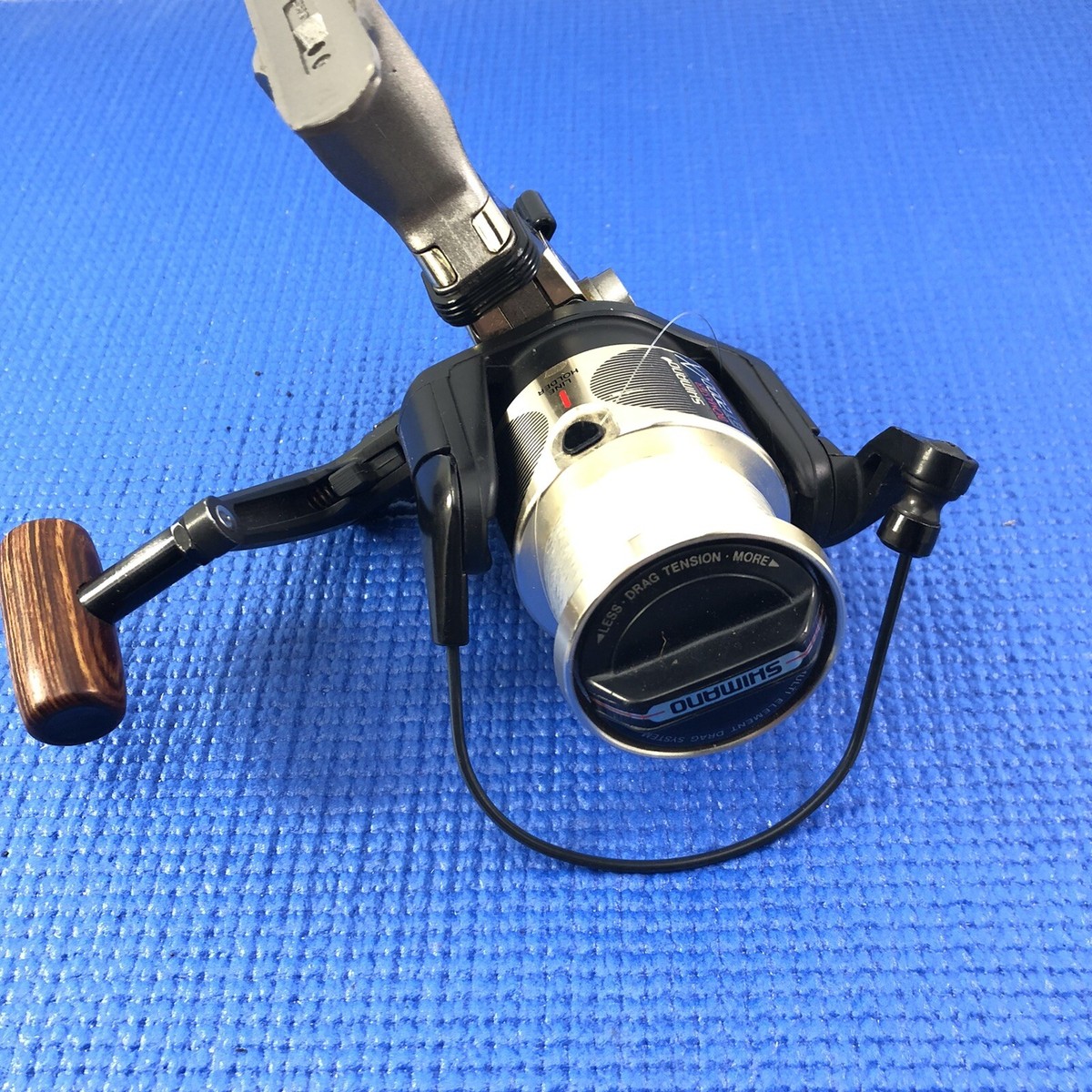 シマノ BIOMASTER GT2000 Shimano Biomaster Titanos GT2000 Spinning Fishing Reel | eBay
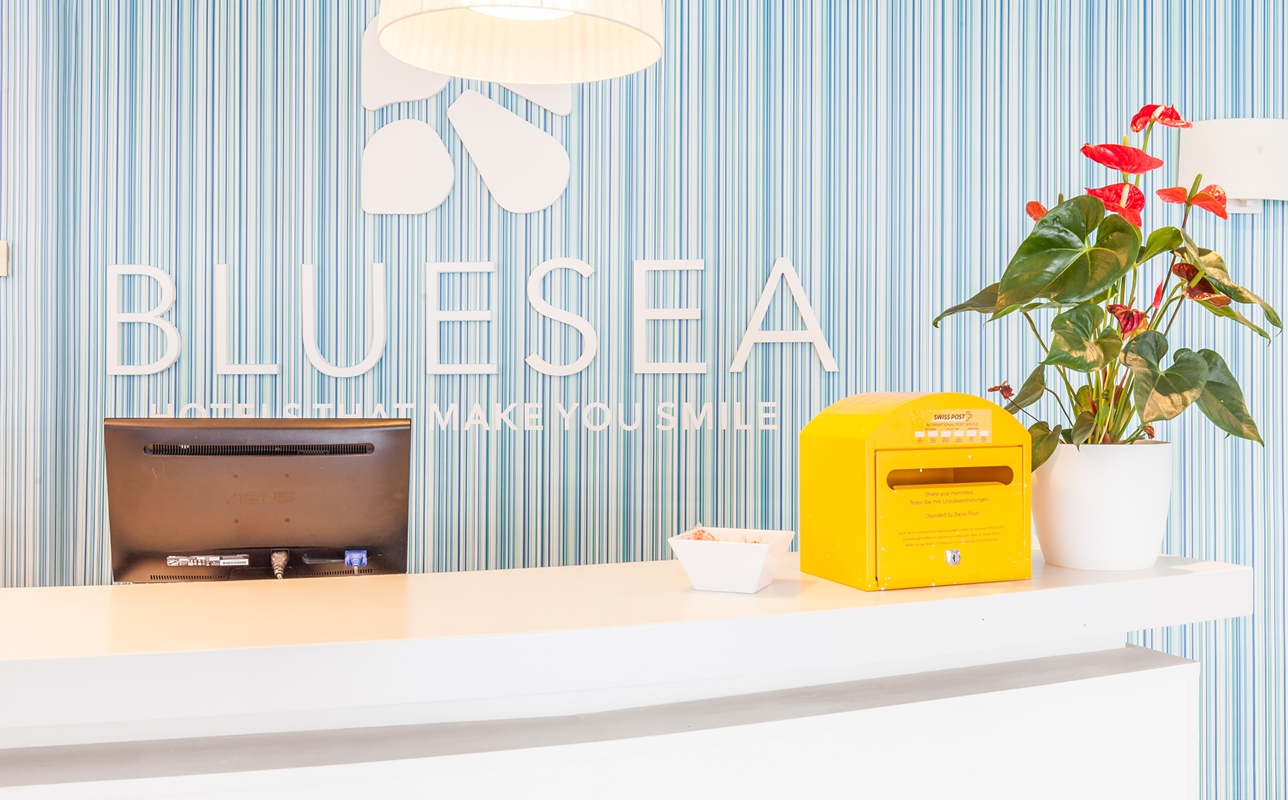 Fotos del hotel - BLUE SEA CALA MILLOR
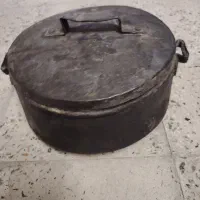 کماچدون مسی عتیقه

PROMPT
Copy the data word for word. Pictures do not go in the copy.

ANSWER TO THIS TASK
 シマノ BIOMASTER GT2000 Shimano Biomaster Titanos GT2000 Spinning Fishing Reel | eBay
 Fotos del hotel - BLUE SEA CALA MILLOR
 کماچدون مسی عتیقه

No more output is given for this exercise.